Doctoral Dissertation Research: Understanding the Barriers to Political Representation of Women
University Of California-Berkeley, Berkeley CA
Investigators
Abstract
This study examines how women become candidates in new democracies. While the number of women in elected positions has been slowly increasing over time in many countries, there is limited understanding of the unique challenges that often make it more difficult for women to become candidates when compared to men. To explain why women may be less likely to be selected as candidates, this study focuses on the role played by party gatekeepers in party-controlled candidate nominations. Drawing on insights from interviews with party officials and candidates, the PI examines how barriers in candidate selection are magnified for women through the informal selection criteria used by the party gatekeepers who assess and rank candidates. Although both male and female candidates are subjected to informal selection criteria at local and national levels, only women must visibly demonstrate that they satisfy the financial and mobilizing expectations of party gatekeepers.

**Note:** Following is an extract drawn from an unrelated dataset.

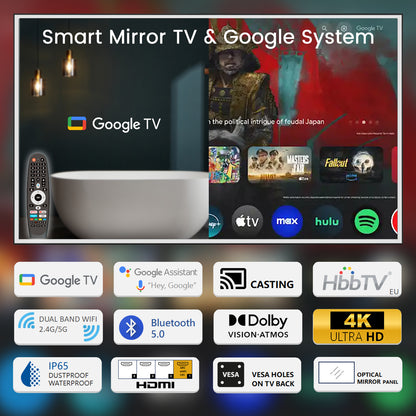 Soualca 43 inches Smart Mirror TV with LED Lights Google System 4K UHD Display DTV Voice Control-Soulaca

These gendered expectations entail greater costs for women seeking party nominations because they must demonstrate their wealth and their connections during the candidate selection process in ways that are not demanded from men. This study provides new insights into the organizational impediments to women's inclusion in politics. It shows how biases can arise and be replicated within a party's candidate selection process. This study contributes to new knowledge in the study of women in politics in developing countries where democratic institutions remain weak. First, while existing scholarship of women office-seekers tends to focus on aggregate measures of legislative representation or their success as party candidates in elections, the project focuses on the understudied first-order questions: How do women become candidates? Do they face obstacles that are different from men? This study includes a survey that employs a novel design to assess how party members' candidate preferences are influenced by political experience, ambivalent sexism, and financial or mobilizational expectations. Experimentally, the survey employs two different designs to assess the project's hypotheses. This award reflects NSF's statutory mission and has been deemed worthy of support through evaluation using the Foundation's intellectual merit and broader impacts review criteria.